Prove that $f(x)=exp(-x-e^{-x})$ for $x\in \mathbb{R}$ is a probability density function and find the cumulative density function.
I think that by proving that $f(x)$ is a pdf, it should be fairly straightforward to find the cdf (if this is not true, would like a hint). I want to focus on the first part.

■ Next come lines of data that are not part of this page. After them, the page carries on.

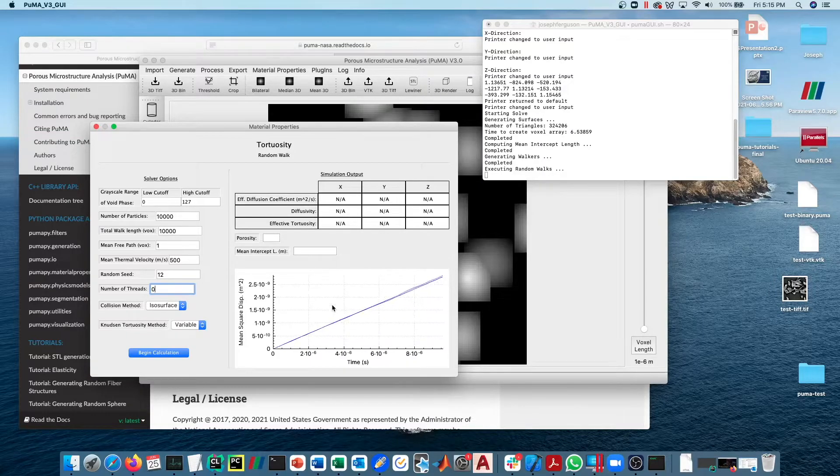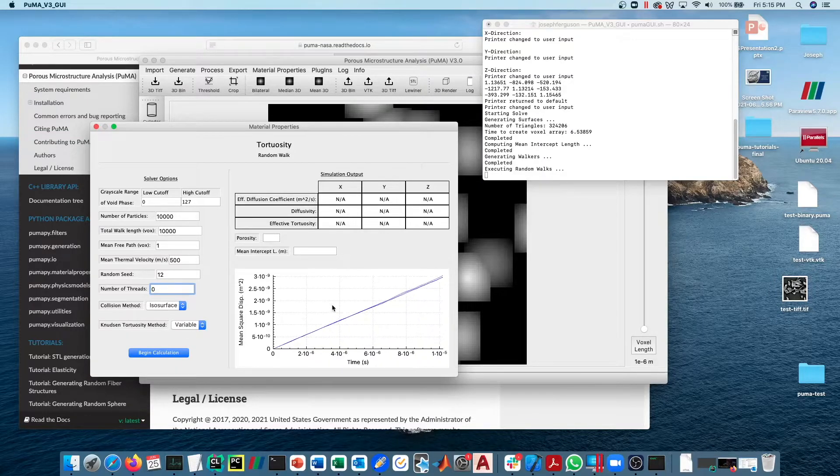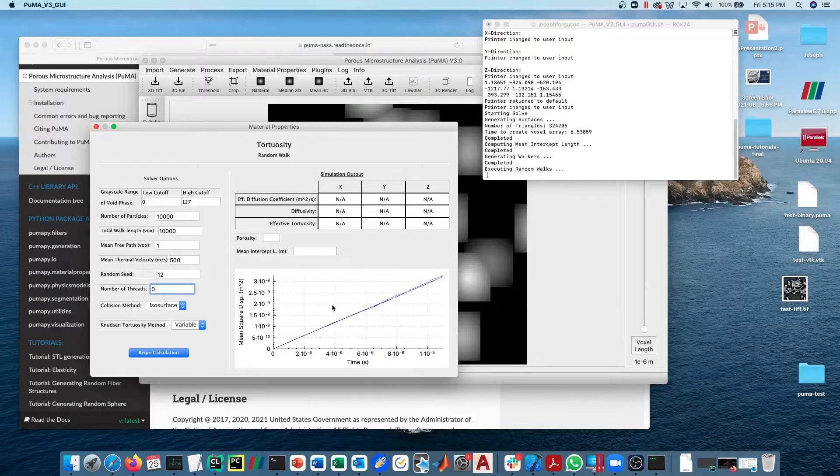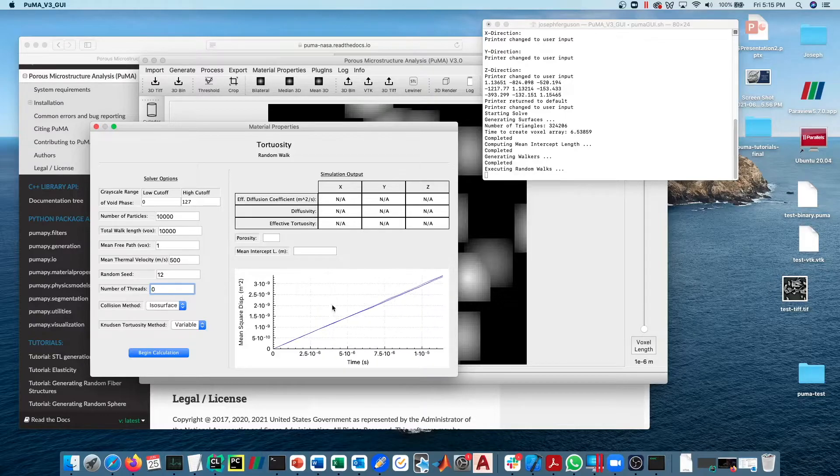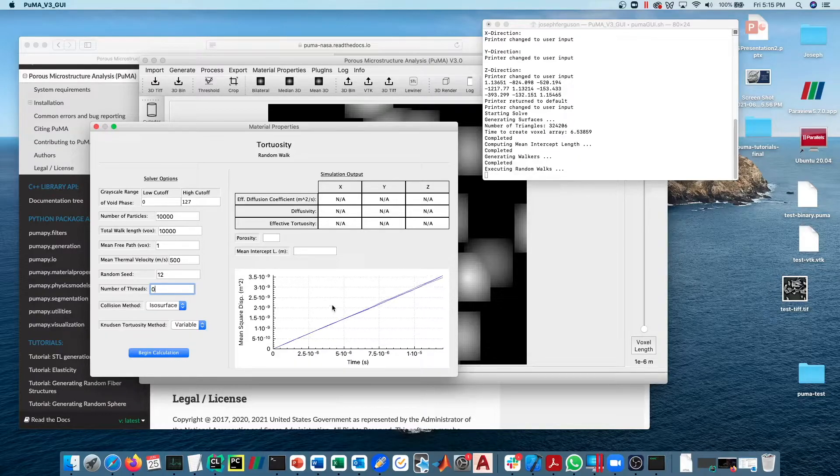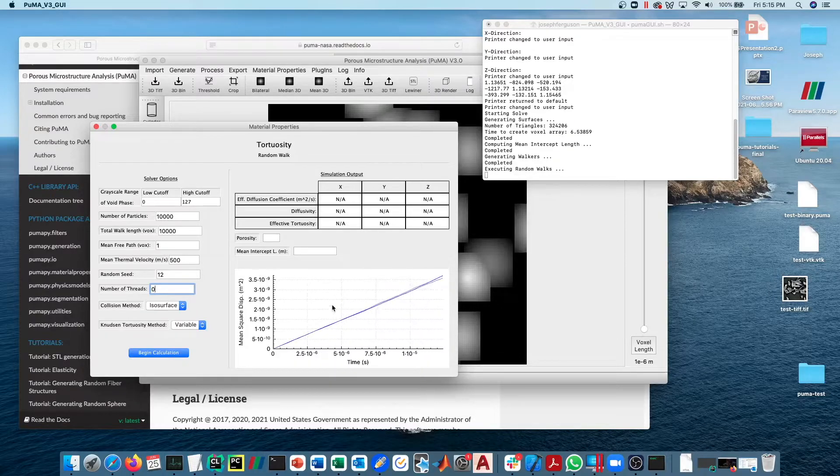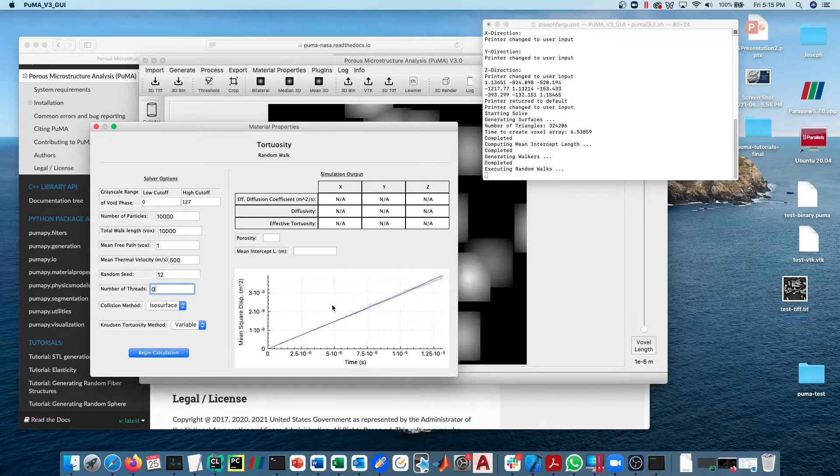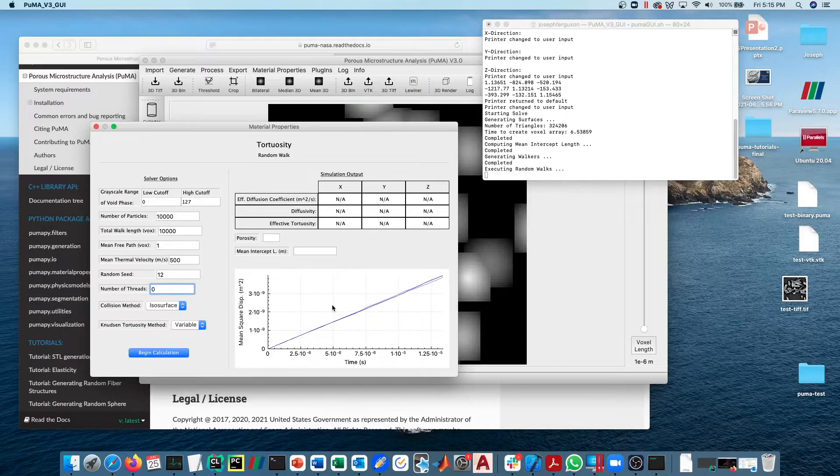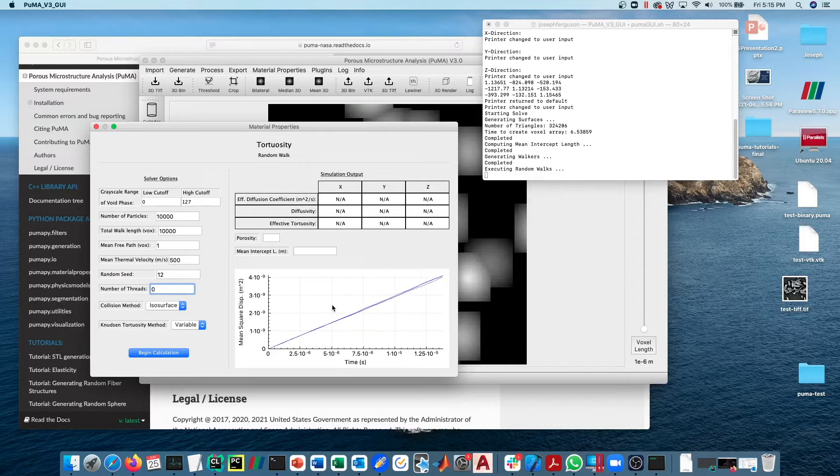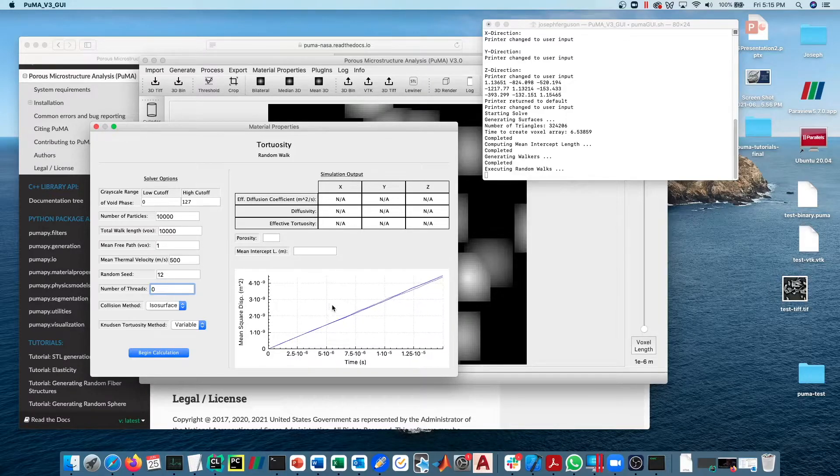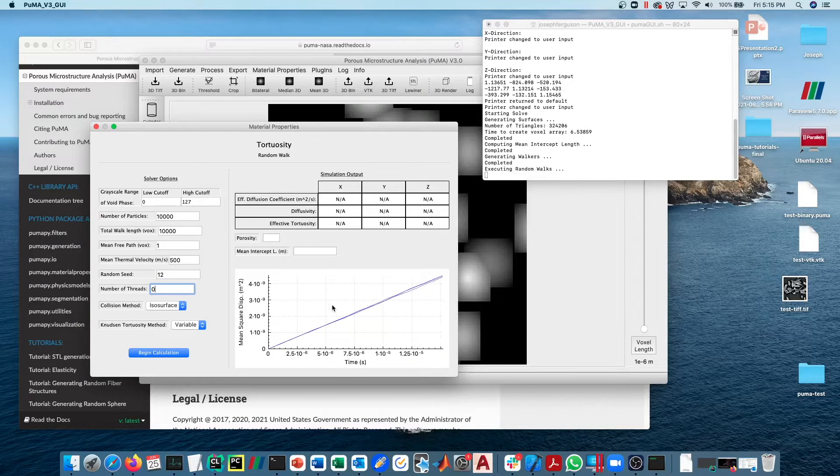It's also plotting the mean square displacement for each direction. Since this is an isotropic material, we expect the lines to be more or less on top of each other, and we can see that that is in fact what's happening. If this was not an isotropic material, we would expect to see the lines diverging from one another.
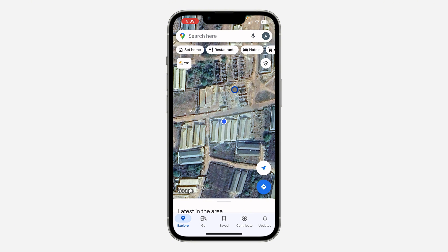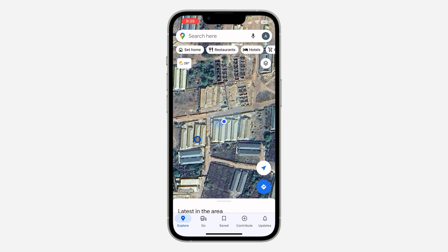If you want to do this on your laptop, go to the bottom left corner. At the bottom left corner you are going to see something like this — a layer option. Just click on it and select satellite map type.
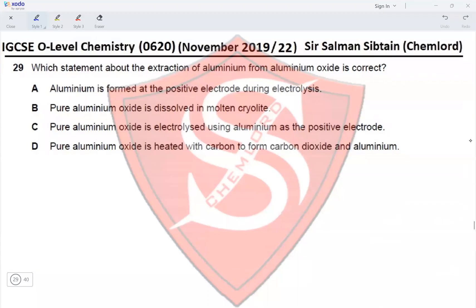Question 29: Which statement about extraction of aluminium from aluminium oxide is correct? Option A: aluminium is formed at the positive electrode during electrolysis — the positive electrode is the anode, and oxygen is made at the anode, not aluminium, so this is incorrect. Option B: pure aluminium oxide is dissolved in molten cryolite — yes, this is done so that its melting point decreases. Option C: pure aluminium oxide is electrolyzed using aluminium as the positive electrode — no, carbon is used as the positive electrode.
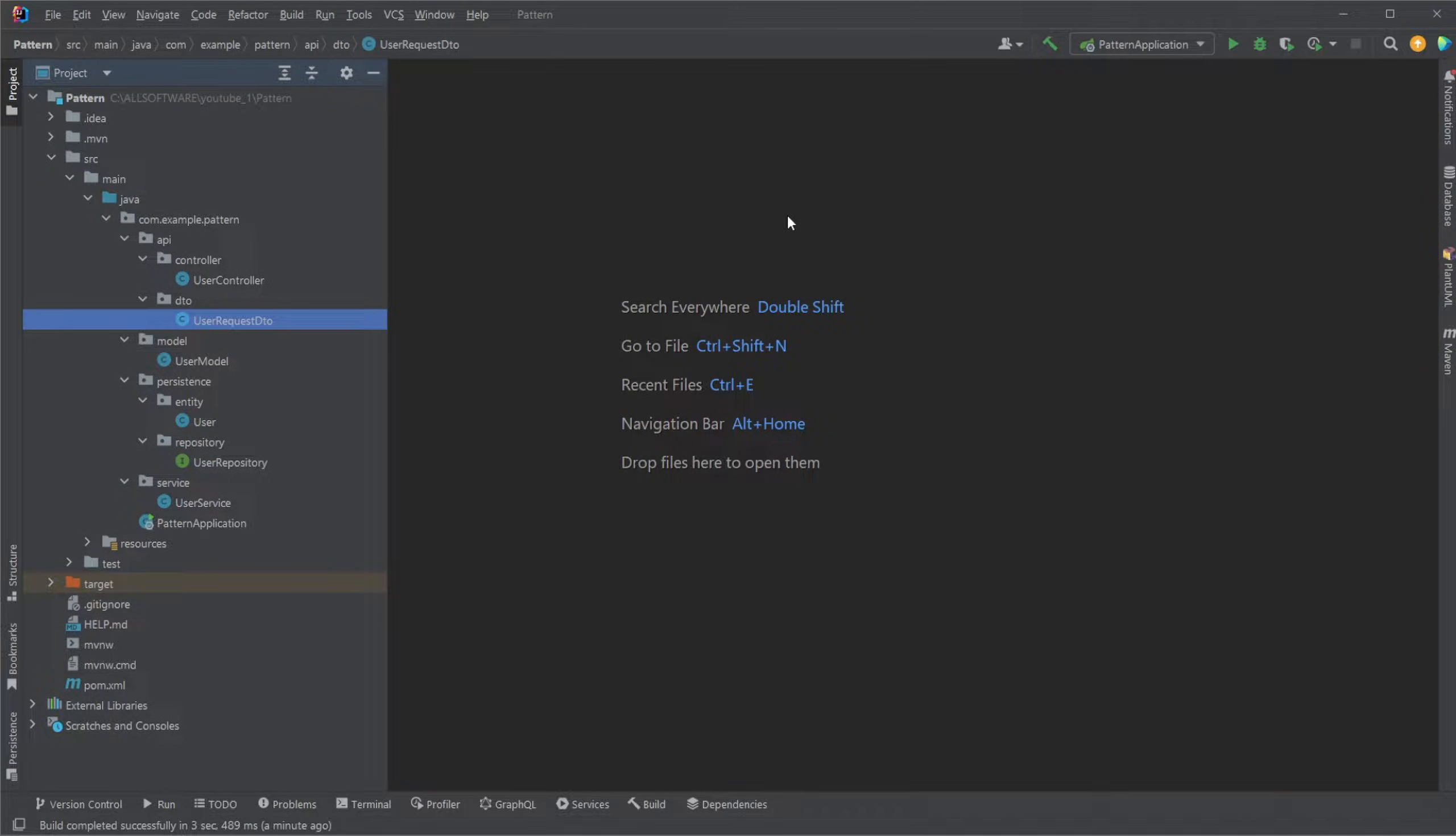Hey, it's RandomCode here, and today we're going to discuss my preferred architecture in a Spring Boot application.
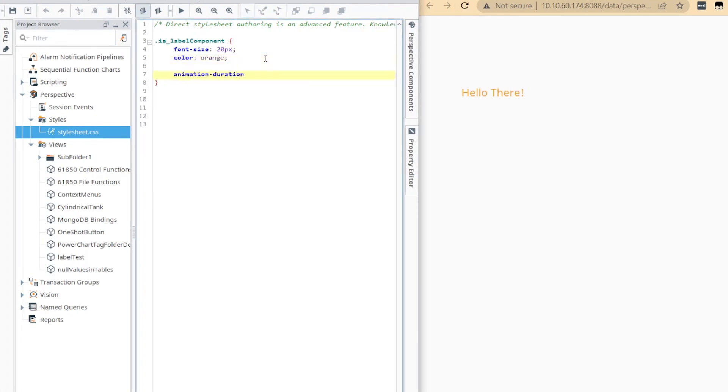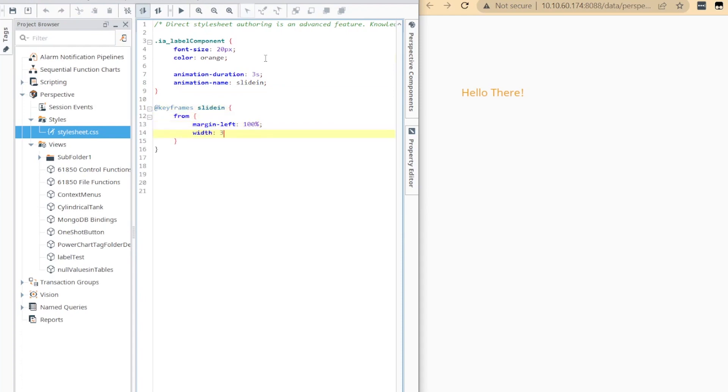For the more advanced CSS users, this new feature also provides a way to take advantage of other CSS capabilities, like animation sequences. For example, let's say you wanted your label component to slide across the screen.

I am using the following definition.
A continuous random variable X is a RV whose c.d.f. satisfied
$F_X(x)=\mathbb{P}(X\leq x)=\int_{-\infty}^x f_X(u) du$
where $f_X:\mathbb{R} \rightarrow \mathbb{R}$ is a fct s.t. (a)$f_X(u) \geq 0$, $ \forall u \in \mathbb{R}$ and (b) $\int_{-\infty}^{\infty}f_X(u)du=1$
$f_X$ is called the p.d.f. of X
So my approach is to basicaly prove that $f(x)$ satisfies conditions (a) and (b).
Condition (a) seems fairly easy.
$exp(-x-e^{-x})=e^{-x-e^{-x}}=(\frac{1}{e})^{x+\frac{1}{e^x}}=(\frac{1}{e})^{x}(\frac{1}{e})^{\frac{1}{e^x}}$
Since $e$ is a positive constant, the function is also positive for all $x\in \mathbb{R}$. My question is how to prove the second condition, i.e. prove that
$\int_{-\infty}^{\infty}(\frac{1}{e})^{u}(\frac{1}{e})^{\frac{1}{e^u}}du=1$
My attempt so far:
Let $x=e^{-u}$
$dx=-e^{-u} \rightarrow -dx=e^{-u}$
$\int_{-\infty}^{\infty}e^{-u-e^{-u}}du=\int_{-\infty}^{\infty}e^{-u}e^{-e^{-u}}du=\int_{-\infty}^{\infty}-e^{-x}dx=e^{-x}|^{\infty}_{-\infty}=e^{-e^{-u}}|^{\infty}_{-\infty}$
What should I do from here?
Best Answer
Hint:
$$ \frac{d}{dx} exp\left(-\mathrm{e}^{-x}\right) = exp\left(-x -\mathrm{e}^{-x}\right) $$